ナナメのろうか ITCHAN AND SATCHAN.
Muchos largometrajes, si prescindieran de metraje vacío o intrascendente, podrían convertirse en mediometrajes mucho más eficaces y digeribles. Por el contrario, estos 44 minutos concisos y enérgicos se paladean con la sensación de haber visto un largo, huelen a película al salir del cine en sesión habitual. Y esto me lleva a que normalmente parece que se entiende como cine sólo el formato maxi, amén de que hoy en día cada vez asistimos a la más que frecuente tendencia de películas que superan las dos horas y media.
Cartel original en japonés. Presente en el Festival de San Sebastián y ahora en el de Brive.
Si es fundamental para su desarrollo y entendimiento, puede valer, pero estirar metraje por estirar, me parece insufrible. Un cortometraje o mediometraje también son cine; formato normalmente más orillado de forma injusta, cuando muchas veces esa condensación de ideas, si es brillante, deja una sensación de conjunto y obra completa a la que no le falta un ápice de cine. La capacidad de eludir, elíptica, de condensación, de agarrar en menos minutos me parece un ejercicio a considerar y no por no tener más medios o menos tiempo de rodaje la historia debiera ser menos trascendente.
El director Takayuki Fukata (1988). Japón.
El director japonés da en el clavo –trabajó de ayudante de dirección de Hamaguchi en “La ruleta de la fortuna y la fantasía» (2021)– y deja para el espectador esos momentos flotantes que no vemos en imagen, esa fisicidad de las elipsis de los momentos que descarta haciéndonos “trabajar” un poco en esos intervalos espacio-temporales del pasado que intuimos, pero también del presente que permanecen íntimamente ligados. Una casa que debe vaciarse para una reforma por encontrarse la abuela de dos chicas en una residencia, se formula como el detonante sencillo y a la vez motor de entrada al vórtice del pretérito y la memoria en cada objeto que van apilando en cajas, foto o juguete, sobre todo el del primer plano que vemos en la película de esa canica en un suelo de madera al que observan las hermanas, inmóvil y que no se sabe qué dirección llevará.

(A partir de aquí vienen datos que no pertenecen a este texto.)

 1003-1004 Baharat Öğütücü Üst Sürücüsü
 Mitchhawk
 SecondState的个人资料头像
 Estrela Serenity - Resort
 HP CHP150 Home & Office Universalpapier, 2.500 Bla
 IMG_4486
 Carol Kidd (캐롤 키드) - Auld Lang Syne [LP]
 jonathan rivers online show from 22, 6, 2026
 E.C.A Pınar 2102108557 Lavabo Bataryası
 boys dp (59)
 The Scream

Fukata parte de un dato autobiográfico para edificar esta historia fraternal que en un principio se lee como una historia realista, muy calmada, con ecos del cine de Ozu en esos interiores domésticos un tanto angostos en los que los sentimientos personales vibran en cada estancia. Pero el joven director aporta un estilo muy personal y atrayente visualmente que dialoga con nosotros. Ese blanco y negro de la imagen, su formato cuadrado, la forma de ubicar la cámara siempre con la sensación de plano estrecho con profundidad de campo y comprimido por la estancia en sí, pasillo o paredes próximas de la zona exterior que colinda con las adyacentes.

Una puesta en escena muy estática al inicio en la que las dos protagonistas brillan, son el centro, pero también su forma de relacionarse con el medio, con planos secos, detenidos, con una quietud instalada en el vacío de la persona ausente, en lo intangible del recuerdo de sus huellas. Con una sensación de hermetismo y frialdad entre ellas por la presión de esas paredes que parecen juntarse en cada plano.

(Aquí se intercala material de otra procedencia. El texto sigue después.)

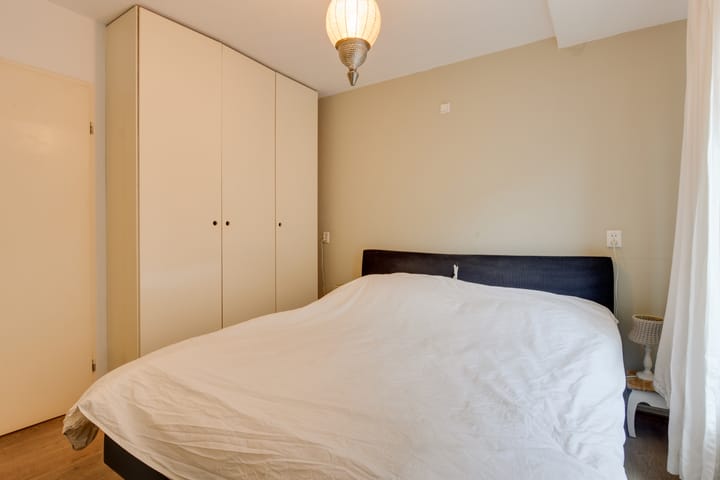 Foto 14 van Jan Oldenburglaan 21-A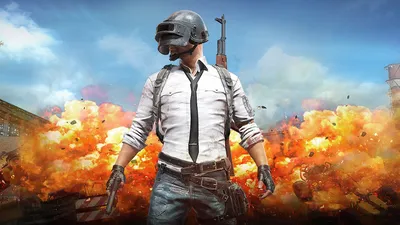 The Best PUBG Mobile Settings and Tips — WTFast Blog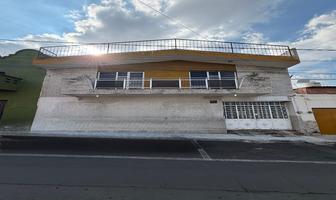 Foto de inmueble en Encarnación rosas, Col. Alcalde Barranquitas C.P. 44270, Guadalajara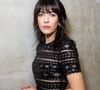 Dans une interview accordée à "Gala", l'actrice a officiellement annoncé son retour à la musique

Exclusif - Nolwenn Leroy en backstage de l'enregistrement de l'émission "Nos voix pour toutes" au profit de la Fondation des femmes à l'Adidas Arena diffusée sur TMC le 25 novembre 2025, à Paris, France, le 19 novembre 2025. © Guirec-Moreau/Bestimage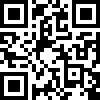 https://mehrnews.com/x34CwM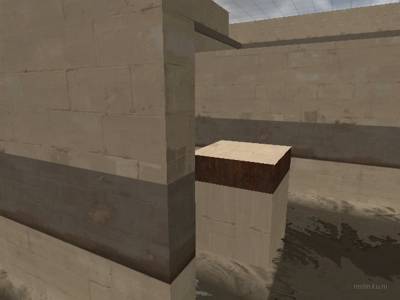 bhop_metalheavenx01 thumb 15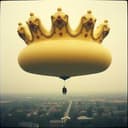 The Ballad of Big-Headed Tyler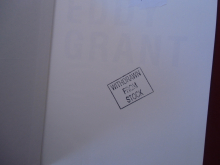 Eddy Grant - The Best of Songbook Notenbuch Piano Vocal Guitar PVG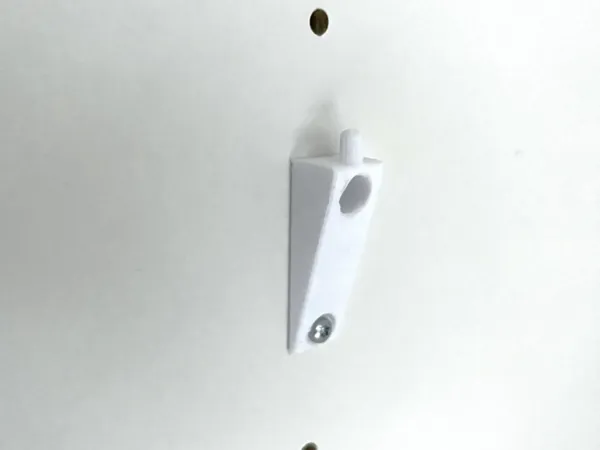 https://makerworld.bblmw.com/makerworld/model/USe9dbcf42387bb0/design/2025-12-30_5ab079a2d5db78.jpg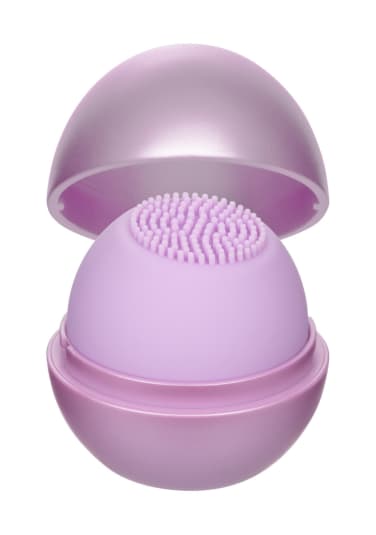 Opal Tickler Massager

Sin embargo, lo descubierto en el traslado provoca que las chicas retornen a su mirada infantil jugando, corriendo, haciendo pompas de jabón, compartiendo risas, aunque siempre se percibe una cierta tensión entre ellas, algo que las distancia en su forma de entender la vida. El plano de los objetos rodando escaleras abajo en el sótano anuncia la extrañeza que se va apoderando del film. Un disparo propicia un punto de inflexión en la que la geografía y geometría del hogar se tornan muy confusas, en el que las distancias, a pesar de ser una casa que se intuye pequeña, se alejan, se vuelven kilométricas física y emocionalmente entre las hermanas.
Se buscan en un espacio con esencia laberíntica, infranqueable, deviniendo en una historia claustrofóbica con un tono muy bien hallado. No es suspense puro, no es terror, sino que camina entre la confusión, el aturdimiento, la turbación marcada por una cámara que se mueve, ahora sí, pero lentamente por cada objeto, por cada estancia inconexa, que sigue la luz de una linterna entre la oscuridad, que se detiene con atención en el vuelo de las cortinas del salón provocado por un viento constante que “alumbra” y se cuela inquietantemente en esta segunda parte tan diferente.


Juego de luces y sombras que mantiene el pulso, montaje perturbador, onírico, que consiguen elevar la tensión narrativa a través de sus cuidadas formas plásticas y sugestivas; planos que hablan de la ausencia, lo deshabitado, fotos familiares con una calidez que no volverá; primeros planos de meditación de las chicas en un metraje que termina de forma cíclica con esa canica en el suelo de madera, inmóvil, que se mueve por una casa que late, pero que vuelve a quedarse quieta.